■ **What the exercise asks**
Your answer must be the listing repeated word for word, without its pictures.

■ **Data section**
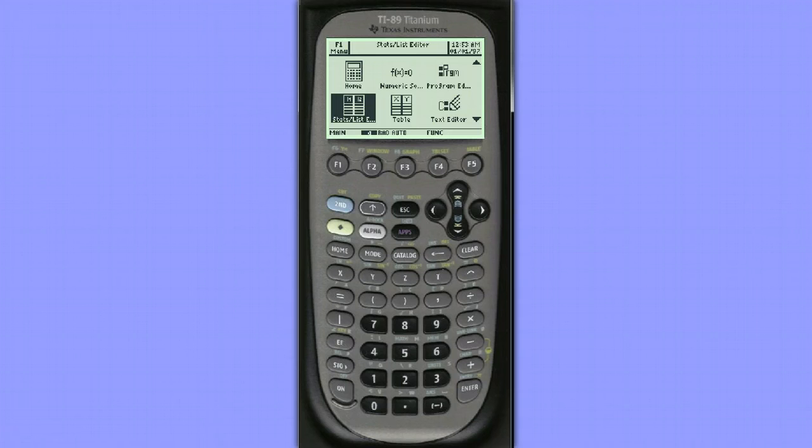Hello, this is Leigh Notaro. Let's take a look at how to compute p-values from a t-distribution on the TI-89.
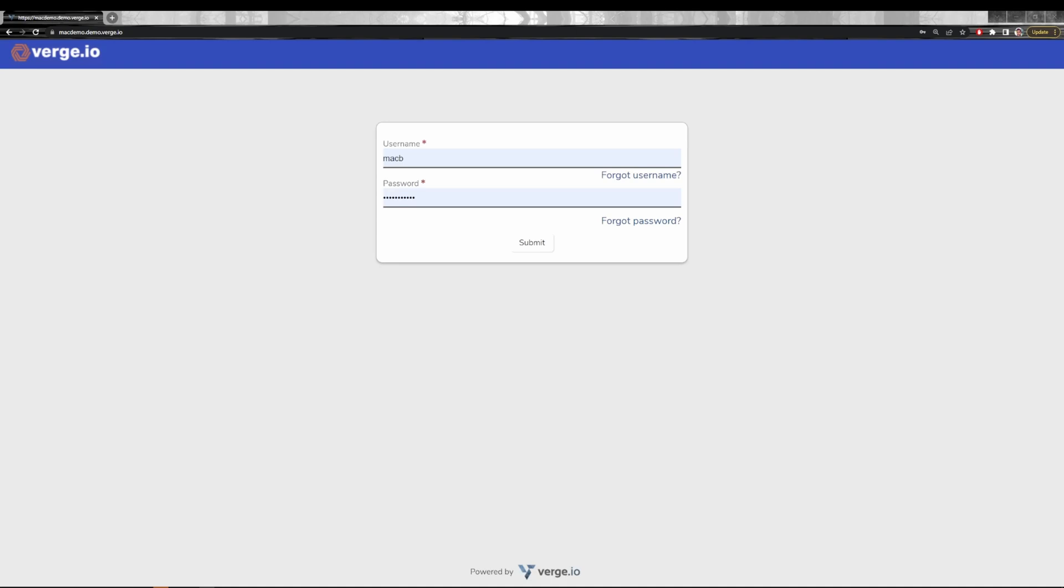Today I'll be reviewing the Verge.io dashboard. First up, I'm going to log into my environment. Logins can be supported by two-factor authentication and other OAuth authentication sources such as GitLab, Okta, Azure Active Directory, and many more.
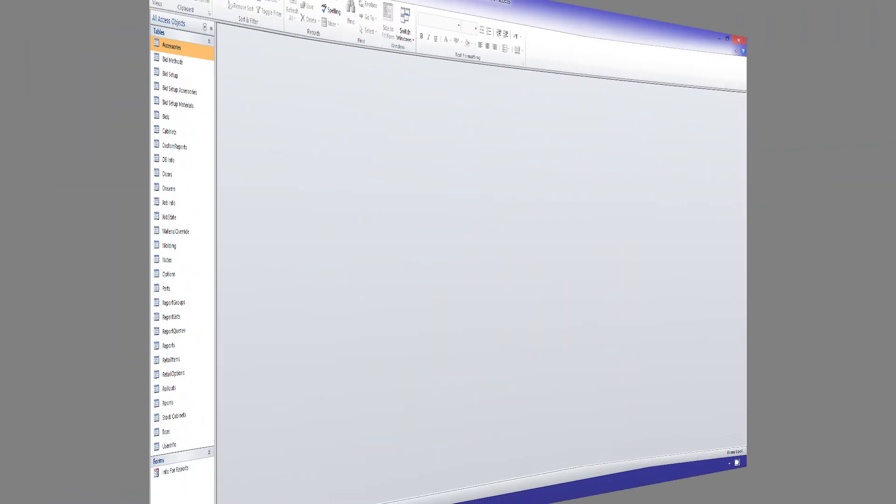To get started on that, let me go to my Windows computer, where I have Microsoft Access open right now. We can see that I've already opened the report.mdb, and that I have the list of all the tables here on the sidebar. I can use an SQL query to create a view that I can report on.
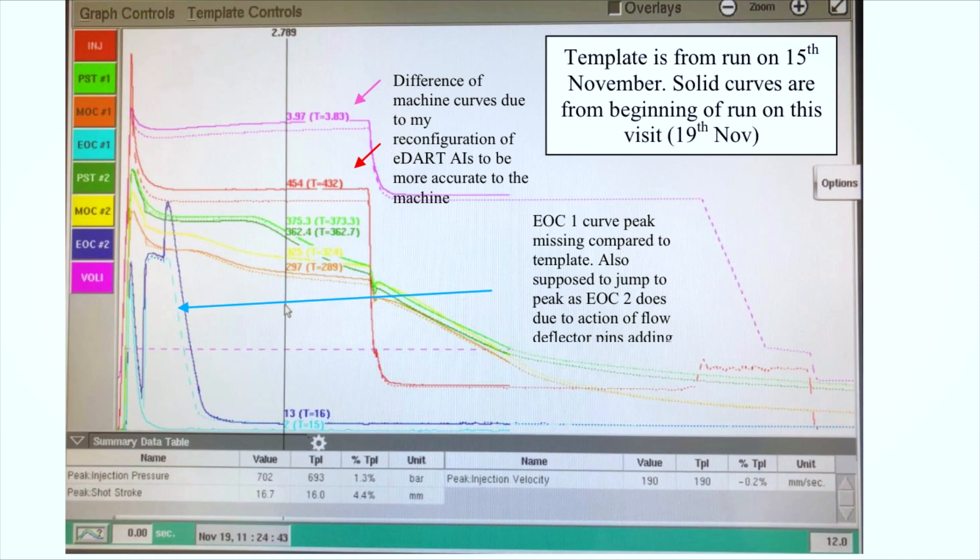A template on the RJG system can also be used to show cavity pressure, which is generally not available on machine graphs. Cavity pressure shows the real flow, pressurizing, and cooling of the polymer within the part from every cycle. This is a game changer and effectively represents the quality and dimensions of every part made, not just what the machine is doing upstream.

■ **Answer to this problem**
Hello, this is Leigh Notaro. Let's take a look at how to compute p-values from a t-distribution on the TI-89.
Today I'll be reviewing the Verge.io dashboard. First up, I'm going to log into my environment. Logins can be supported by two-factor authentication and other OAuth authentication sources such as GitLab, Okta, Azure Active Directory, and many more.
To get started on that, let me go to my Windows computer, where I have Microsoft Access open right now. We can see that I've already opened the report.mdb, and that I have the list of all the tables here on the sidebar. I can use an SQL query to create a view that I can report on.
A template on the RJG system can also be used to show cavity pressure, which is generally not available on machine graphs. Cavity pressure shows the real flow, pressurizing, and cooling of the polymer within the part from every cycle. This is a game changer and effectively represents the quality and dimensions of every part made, not just what the machine is doing upstream.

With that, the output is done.